As you’ve already noticed we’ve used strange lock and unlock macros there. That’s because we’ll also be counting overall mmap blocks in mmap_size variable purely for statistical purposes. However since malloc function can be called from different threads simultaneously we need a way to synchronize modifications to this variable. And not only this variable can be modified simultaneously. Unfortunately as we are striving for most efficiency we can’t use immutable data structures for freelist and we need a way to concurrently modify it so that in the end all modifications would be consistent. Let’s use atomic spinlock for all our concurrency needs. For a description of what atomic spinlock is try reading Marek’s Reinventing Spinlocks as the code below was shamelessly copied from there. Also instead of simple freelist we could use lock-free doubly linked list data structure but since we are focusing our efforts on memory allocation I won’t describe it in here.

// locking
volatile bool locked = 0;

static inline void spinlock(){
    if (!__sync_bool_compare_and_swap(&locked, 0, 1)){
        int i = 0;
        do {
            if (__sync_bool_compare_and_swap(&locked, 0, 1))
                break;
            else{
                if(i == 10){
                    i = 0;
                    sched_yield();
                }else
                    ++i;
            }
        } while (1);
    }
}

#define lock spinlock();

#define unlock \
    __asm__ __volatile__ ("" ::: "memory"); \
    locked = 0;

Let’s continue our effort with malloc function. Now we need to handle blocks with size less than MMAP_SIZE

    lock
    // find free memory block
    memory_block* block = find_suitable_block(ns);
    if(block != null){
        unlock
        // shift pointer into data block pointer
        return block_data(block);
    }

In order to find suitable block from memory list we’ll just look through it.

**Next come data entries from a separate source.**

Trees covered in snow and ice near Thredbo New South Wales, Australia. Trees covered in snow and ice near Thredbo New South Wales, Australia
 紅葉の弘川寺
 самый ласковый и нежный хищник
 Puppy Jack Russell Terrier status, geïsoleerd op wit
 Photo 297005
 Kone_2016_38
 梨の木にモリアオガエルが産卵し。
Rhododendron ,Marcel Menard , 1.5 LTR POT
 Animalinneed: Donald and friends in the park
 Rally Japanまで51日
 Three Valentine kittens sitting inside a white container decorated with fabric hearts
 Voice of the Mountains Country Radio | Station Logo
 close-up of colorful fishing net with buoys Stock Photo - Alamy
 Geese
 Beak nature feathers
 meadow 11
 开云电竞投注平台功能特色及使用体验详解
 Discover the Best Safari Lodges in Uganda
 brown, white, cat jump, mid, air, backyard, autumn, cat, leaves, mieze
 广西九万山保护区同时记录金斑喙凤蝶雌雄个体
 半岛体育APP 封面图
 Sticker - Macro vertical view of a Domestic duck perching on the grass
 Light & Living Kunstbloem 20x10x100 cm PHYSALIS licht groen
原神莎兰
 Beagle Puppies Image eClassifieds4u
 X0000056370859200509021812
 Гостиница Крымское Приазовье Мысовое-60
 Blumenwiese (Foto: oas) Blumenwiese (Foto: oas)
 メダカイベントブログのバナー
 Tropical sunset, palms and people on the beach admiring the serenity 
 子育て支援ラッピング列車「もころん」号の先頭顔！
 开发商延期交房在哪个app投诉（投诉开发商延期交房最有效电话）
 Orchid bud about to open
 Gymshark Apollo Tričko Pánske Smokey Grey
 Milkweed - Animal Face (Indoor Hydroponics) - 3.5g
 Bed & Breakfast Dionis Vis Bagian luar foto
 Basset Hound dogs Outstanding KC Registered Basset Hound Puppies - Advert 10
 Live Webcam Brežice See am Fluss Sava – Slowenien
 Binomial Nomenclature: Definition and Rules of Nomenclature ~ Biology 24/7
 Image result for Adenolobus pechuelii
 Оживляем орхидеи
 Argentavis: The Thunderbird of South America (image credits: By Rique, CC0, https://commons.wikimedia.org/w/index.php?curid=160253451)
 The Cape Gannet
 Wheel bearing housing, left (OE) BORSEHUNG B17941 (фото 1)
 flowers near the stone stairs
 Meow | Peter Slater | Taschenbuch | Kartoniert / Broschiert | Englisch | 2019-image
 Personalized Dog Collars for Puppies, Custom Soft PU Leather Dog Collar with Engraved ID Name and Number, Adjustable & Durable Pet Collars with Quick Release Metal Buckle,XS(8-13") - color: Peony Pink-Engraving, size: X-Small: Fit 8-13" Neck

// find suitable memory block for size s
static inline memory_block* find_suitable_block(size_t ns){

    memory_block* b = freelist_start;
    while(b != freelist_end){
        if(b->size >= ns){
            return split_memory_block(b,ns);
        }
        b = b->next;
    }

    return null;
}

Now what if block is sufficient for our needs. We need to split it or return it whole if it’s needed entirely. The half left will be added back to freelist if remainder is more than or equals MIN_BLOCK_SIZE since there is no way we could add a block with less size.

// split memory block into 2 pieces one of size s and the other is remainder e.g. memory_block_size-s
// if remainder is less than MIN_BLOCK_SIZE we just take whole block
static inline memory_block* split_memory_block(memory_block* b, size_t s){
    size_t remainder = b->size - s;
    if(remainder >= MIN_BLOCK_SIZE){
        memory_block* nb = shift_block_ptr(b,s);
        nb->size = remainder;
        block_replace(b,nb);
        b->size = s;
    }else{
        block_unlink(b);
    }
    return b;
}

But wait, what if there are no free memory blocks? Let’s allocate some memory from heap using sbrk syscall. Now the difference with sbrk versus mmap is that sbrk allocates continuous virtual memory or simply speaking grows heap outward (note: stack grows inward and heap outward so when those two meet each other ka-boom!). For those of you who don’t know what heap is try reading this. Unfortunately sbrk is slower than mmap performance-wise, but we need a specific property of memory allocated using sbrk so we’ll be using it exclusively for that. Each newly allocated block has higher memory address than previous one and both of them are adjacent. We’ll use this property to always have a sorted freelist in order to connect adjacent memory blocks more easily and quicker. This is our way to fight memory fragmentation. Also in order to minimize number of sbrk calls we’ll allocate memory by larger chunks specified in ALLOC_SIZE instead of just number of pages we need.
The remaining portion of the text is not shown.